Cardaropoli et al. posent les implants directement dans l’os partiellement résorbé et les laissent dépasser de plusieurs mm de la crête.
La mise en place des implants dans les cas de résorption verticale de la crête constitue toujours une difficulté majeure de l’implantologie. Elle est en général associée à une augmentation verticale visant à restaurer la hauteur de la crête. A cet effet, le chirurgien fixe un bloc d’os autogène par une vis sur la crête ou utilise une membrane à mémoire de forme pour guider la régénération de l’os supracrestal. Les deux procédés présentent cependant des inconvénients. L’os autogène suppose un prélèvement à partir d’un second site chirurgical, ce qui accroît la morbidité, et il est sujet à une forte résorption à long terme. Quant aux membranes non résorbables, elles sont associées à un taux plus élevé d’exposition et de déhiscences des tissus mous.

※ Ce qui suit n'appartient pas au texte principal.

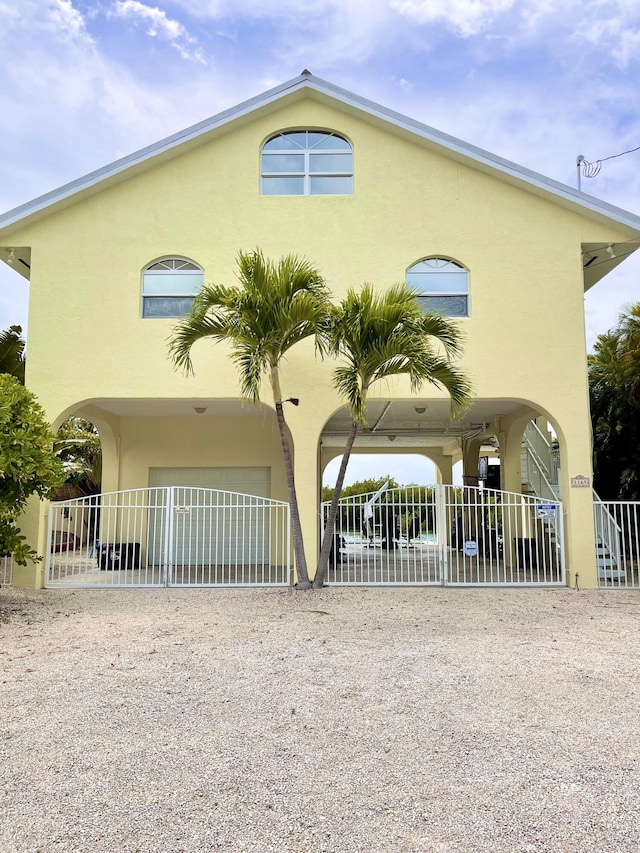 1165 Lagoon Dr, Summerland, FL 33042 - view of front facade featuring stucco siding and fence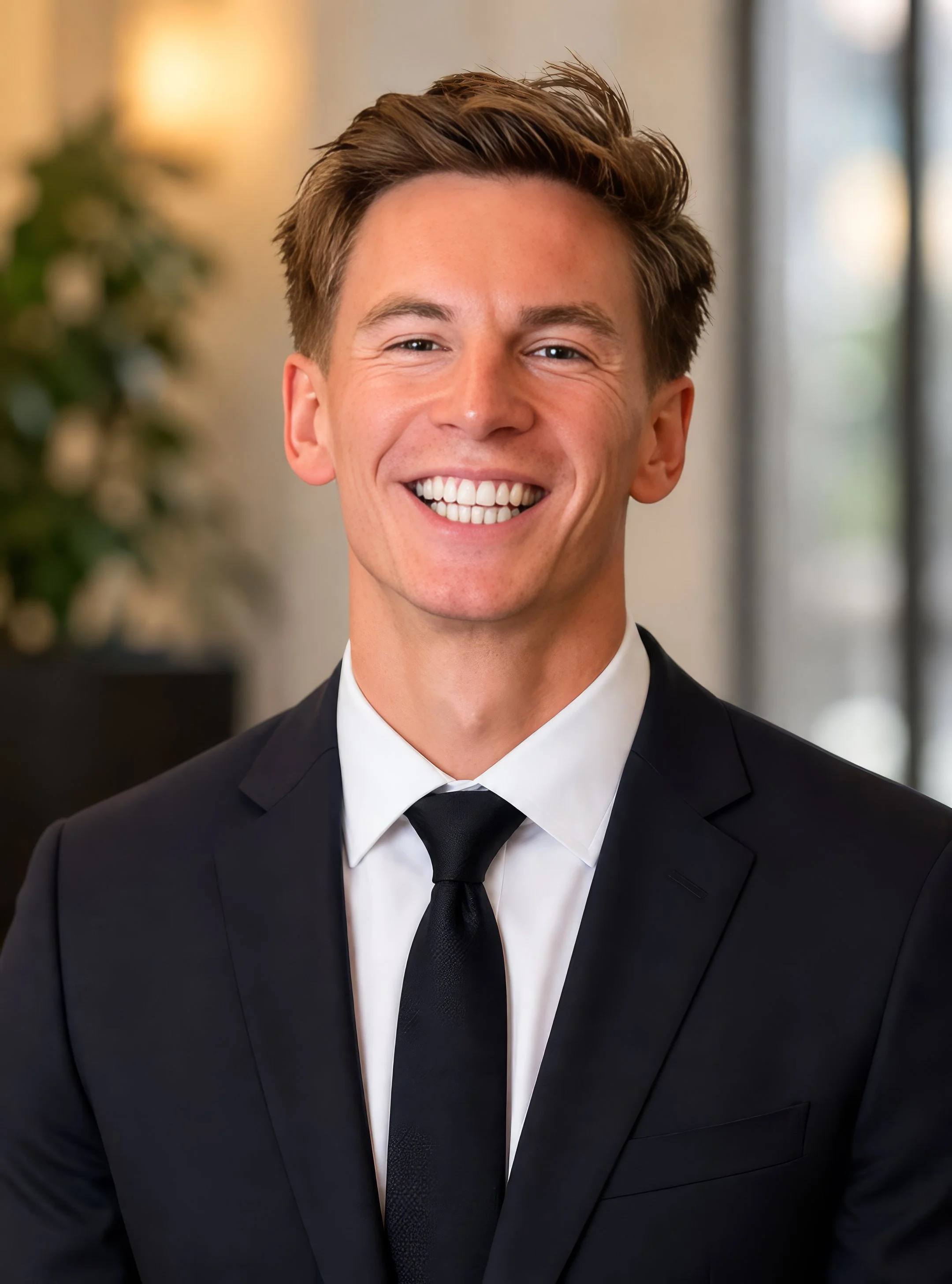 Dr Bradley Powell headshot, smiling young professional man in a smart suit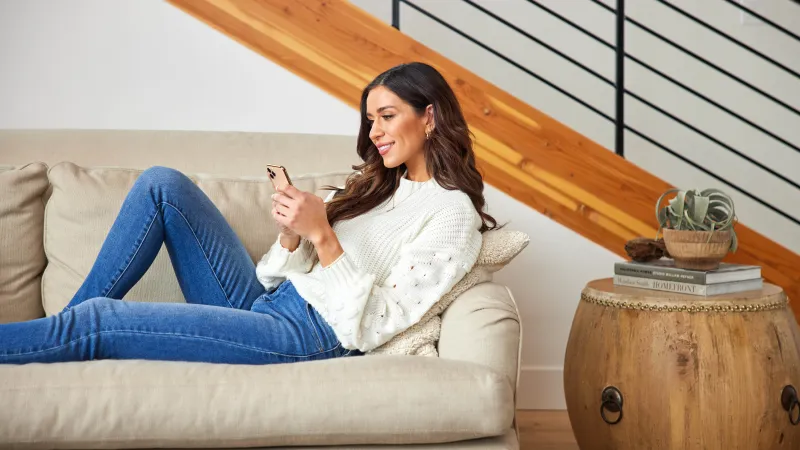 a woman sitting on a couch in a wool sweater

L’équipe du Dr Cardaropoli en Italie a étudié une alternative à l’augmentation verticale. 20 patients ont reçu des implants posés directement dans un os partiellement résorbé en les laissant dépasser de plusieurs millimètres. Le déficit osseux péri-implantaire a ensuite été comblé avec un mélange de Geistlich Bio-Oss® et d’une colle de fibrine (Tiseel®, Baxter) puis couvert avec la membrane collagénique Geistlich BioGide®. La colle de fibrine a pour mission de stabiliser le substitut osseux dans cette position surélevée. La cicatrisation trans-gingivale était complète à 6 mois et la connexion implant-pilier a alors été réalisée.
L’augmentation verticale a permis de ramener la hauteur du déficit de 4,25 ± 1,34 mm à 0,3 ± 0,54 mm. Tous les implants se sont intégrés sans problème. L’examen histologique des prélèvements tissulaires a révélé la présence d’un os néoformé dans la zone augmentée comportant en son sein une petite proportion de particules de Geistlich Bio-Oss® .
Les auteurs concluent que cette méthode constitue une bonne alternative de moindre morbidité pour la prise en charge des déficits osseux dans la dimension verticale.
Cardaropoli D, et al.: Vertical Ridge Augmentation with a Collagen Membrane, Bovine Bone Mineral and Fibrin Sealer: Clinical and Histologic Findings. Int J Periodont Rest Dent 2013; 33(5): 583-89.